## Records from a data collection
◇ ◇ ◇ ◇
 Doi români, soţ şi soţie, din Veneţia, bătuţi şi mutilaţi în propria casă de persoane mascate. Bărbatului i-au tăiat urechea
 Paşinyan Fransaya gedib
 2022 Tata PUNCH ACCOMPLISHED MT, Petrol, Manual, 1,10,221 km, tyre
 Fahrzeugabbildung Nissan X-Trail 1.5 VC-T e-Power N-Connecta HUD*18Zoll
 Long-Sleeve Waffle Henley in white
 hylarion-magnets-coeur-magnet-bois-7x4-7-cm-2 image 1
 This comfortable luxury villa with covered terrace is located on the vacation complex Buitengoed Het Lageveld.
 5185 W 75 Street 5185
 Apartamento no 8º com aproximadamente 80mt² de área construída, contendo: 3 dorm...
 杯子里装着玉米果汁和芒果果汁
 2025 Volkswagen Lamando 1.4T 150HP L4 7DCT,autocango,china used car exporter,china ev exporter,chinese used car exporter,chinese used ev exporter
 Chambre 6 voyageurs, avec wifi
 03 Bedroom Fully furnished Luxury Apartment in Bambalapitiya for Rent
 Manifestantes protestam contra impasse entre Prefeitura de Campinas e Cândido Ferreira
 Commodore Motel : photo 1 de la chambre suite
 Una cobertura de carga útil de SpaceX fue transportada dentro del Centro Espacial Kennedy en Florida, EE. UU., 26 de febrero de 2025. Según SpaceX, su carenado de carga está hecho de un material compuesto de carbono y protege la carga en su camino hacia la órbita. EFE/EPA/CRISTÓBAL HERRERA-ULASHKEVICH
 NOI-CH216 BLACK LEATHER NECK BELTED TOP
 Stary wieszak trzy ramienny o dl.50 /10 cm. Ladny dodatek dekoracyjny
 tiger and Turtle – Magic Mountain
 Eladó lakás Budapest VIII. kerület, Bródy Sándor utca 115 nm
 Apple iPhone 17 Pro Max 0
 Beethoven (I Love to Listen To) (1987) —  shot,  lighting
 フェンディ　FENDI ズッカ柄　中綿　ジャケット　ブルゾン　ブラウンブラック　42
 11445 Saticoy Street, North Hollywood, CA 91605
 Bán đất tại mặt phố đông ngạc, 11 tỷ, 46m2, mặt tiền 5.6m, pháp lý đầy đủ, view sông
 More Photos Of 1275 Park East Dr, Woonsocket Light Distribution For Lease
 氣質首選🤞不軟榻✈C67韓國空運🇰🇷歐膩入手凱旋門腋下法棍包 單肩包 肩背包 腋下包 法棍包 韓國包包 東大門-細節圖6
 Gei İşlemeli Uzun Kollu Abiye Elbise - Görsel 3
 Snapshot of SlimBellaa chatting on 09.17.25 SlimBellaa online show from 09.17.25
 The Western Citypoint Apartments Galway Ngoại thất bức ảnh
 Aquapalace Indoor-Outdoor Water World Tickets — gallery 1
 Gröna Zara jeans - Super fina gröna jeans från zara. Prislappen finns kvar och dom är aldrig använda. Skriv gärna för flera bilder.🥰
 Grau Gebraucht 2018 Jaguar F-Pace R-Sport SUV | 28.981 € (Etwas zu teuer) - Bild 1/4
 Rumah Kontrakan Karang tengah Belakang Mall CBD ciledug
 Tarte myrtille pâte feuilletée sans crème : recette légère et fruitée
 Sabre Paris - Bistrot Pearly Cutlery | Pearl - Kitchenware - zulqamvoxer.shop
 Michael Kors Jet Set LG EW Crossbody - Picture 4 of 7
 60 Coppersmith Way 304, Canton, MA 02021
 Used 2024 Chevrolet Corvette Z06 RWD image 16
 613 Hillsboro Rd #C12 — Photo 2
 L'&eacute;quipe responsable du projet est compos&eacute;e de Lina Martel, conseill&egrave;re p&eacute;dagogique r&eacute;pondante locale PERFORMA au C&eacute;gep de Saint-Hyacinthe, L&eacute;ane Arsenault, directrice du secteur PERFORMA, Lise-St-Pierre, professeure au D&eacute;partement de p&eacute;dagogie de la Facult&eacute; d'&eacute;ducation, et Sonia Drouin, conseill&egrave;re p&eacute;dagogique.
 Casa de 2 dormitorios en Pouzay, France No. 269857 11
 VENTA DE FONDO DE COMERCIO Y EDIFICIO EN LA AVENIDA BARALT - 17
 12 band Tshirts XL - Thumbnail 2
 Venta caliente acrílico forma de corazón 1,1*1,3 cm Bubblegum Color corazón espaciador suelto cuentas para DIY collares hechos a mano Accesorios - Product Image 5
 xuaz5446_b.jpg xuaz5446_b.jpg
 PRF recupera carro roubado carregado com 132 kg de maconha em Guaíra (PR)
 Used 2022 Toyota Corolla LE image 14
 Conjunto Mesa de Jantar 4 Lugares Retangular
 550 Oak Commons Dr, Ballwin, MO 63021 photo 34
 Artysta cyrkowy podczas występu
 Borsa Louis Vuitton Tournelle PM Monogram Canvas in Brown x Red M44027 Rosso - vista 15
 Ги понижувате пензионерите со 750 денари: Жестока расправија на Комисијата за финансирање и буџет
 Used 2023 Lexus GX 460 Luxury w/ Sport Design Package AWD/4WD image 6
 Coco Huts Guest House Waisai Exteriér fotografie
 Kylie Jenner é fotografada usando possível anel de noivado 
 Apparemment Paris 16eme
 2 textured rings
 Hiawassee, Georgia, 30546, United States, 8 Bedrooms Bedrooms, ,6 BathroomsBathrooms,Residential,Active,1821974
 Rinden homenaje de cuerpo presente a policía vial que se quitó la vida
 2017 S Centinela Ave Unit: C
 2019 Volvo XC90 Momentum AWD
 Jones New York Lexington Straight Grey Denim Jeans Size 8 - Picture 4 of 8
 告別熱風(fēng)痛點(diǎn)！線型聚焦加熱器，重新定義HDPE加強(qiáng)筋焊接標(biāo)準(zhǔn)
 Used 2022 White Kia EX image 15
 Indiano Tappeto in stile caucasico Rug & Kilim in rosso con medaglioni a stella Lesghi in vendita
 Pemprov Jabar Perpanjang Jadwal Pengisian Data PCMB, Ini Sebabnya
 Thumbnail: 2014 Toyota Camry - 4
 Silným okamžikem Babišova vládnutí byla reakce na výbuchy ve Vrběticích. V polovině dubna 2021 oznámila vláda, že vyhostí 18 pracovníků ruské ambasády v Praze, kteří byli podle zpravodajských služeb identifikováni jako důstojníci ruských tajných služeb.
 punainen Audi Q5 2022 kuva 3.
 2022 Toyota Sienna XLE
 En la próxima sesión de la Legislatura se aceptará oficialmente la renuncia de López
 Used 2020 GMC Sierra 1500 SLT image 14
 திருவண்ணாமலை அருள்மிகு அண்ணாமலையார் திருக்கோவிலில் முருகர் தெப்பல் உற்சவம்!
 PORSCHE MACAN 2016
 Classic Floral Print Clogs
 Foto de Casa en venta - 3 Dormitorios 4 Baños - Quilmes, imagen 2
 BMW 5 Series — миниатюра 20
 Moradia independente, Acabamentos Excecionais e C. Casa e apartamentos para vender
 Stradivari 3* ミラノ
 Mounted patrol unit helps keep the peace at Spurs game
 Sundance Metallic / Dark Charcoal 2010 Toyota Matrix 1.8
◇ ◇ ◇ ◇
Which lines of the data contain "Picture"? Copy them all.

 Michael Kors Jet Set LG EW Crossbody - Picture 4 of 7
 Jones New York Lexington Straight Grey Denim Jeans Size 8 - Picture 4 of 8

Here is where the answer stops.